Hell, Mega Man 8, with its balloony cartoon style, hilariously bad voice-acting, full-motion-video scenes, and intermittent snowboarding and shoot-’em-up segments is a “weirder” entry than MM7. And X5 does some weird things with branching storylines and multiple endings that complicate the series’ traditional level-select system in ways that aren’t uniformly good or bad, but are certainly a little…weird.
Honestly, probably the weirdest and worst entries in the series were the PC games by HI TECH Expressions, which were numbered Mega Man 1 and 3 (despite there just being two of them), featured all new, all-stupid robot masters, and were virtually unplayable.
I’ve gone ahead and linked to YouTube videos of the games Girard mentioned, but I think those little-remembered PC games deserve some special attention.
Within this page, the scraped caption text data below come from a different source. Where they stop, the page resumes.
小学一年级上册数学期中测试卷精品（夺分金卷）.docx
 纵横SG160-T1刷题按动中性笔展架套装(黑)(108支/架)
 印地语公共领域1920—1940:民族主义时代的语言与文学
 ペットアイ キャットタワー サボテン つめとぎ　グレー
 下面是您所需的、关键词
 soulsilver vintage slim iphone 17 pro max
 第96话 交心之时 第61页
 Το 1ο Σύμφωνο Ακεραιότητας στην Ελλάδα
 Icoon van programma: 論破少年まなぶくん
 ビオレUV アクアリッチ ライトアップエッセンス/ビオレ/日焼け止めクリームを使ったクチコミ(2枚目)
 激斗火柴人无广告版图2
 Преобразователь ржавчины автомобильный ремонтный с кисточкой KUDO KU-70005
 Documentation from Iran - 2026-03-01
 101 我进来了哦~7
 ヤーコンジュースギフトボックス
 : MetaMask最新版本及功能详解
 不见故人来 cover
This YouTube channel has videos of some of the stages from both Mega Man and Mega Man 3 for DOS, but for your viewing pleasure, I’ve also gone ahead and embedded footage of Mega Man DOS’ brilliant introductory stage:
While we’re at it, Team Zissou added another weird spinoff to the conversation:
There was one FMV-based rail shooter that only came out in Japan. It was basically a mediocre anime film with bad shooting sequences intermittently thrown in. The later Mega Man X era also had an RPG, Mega Man X: Command Mission, which I read that Inafune absolutely hated because he only viewed that franchise as action games. Even with that, I’ve always wanted to play it.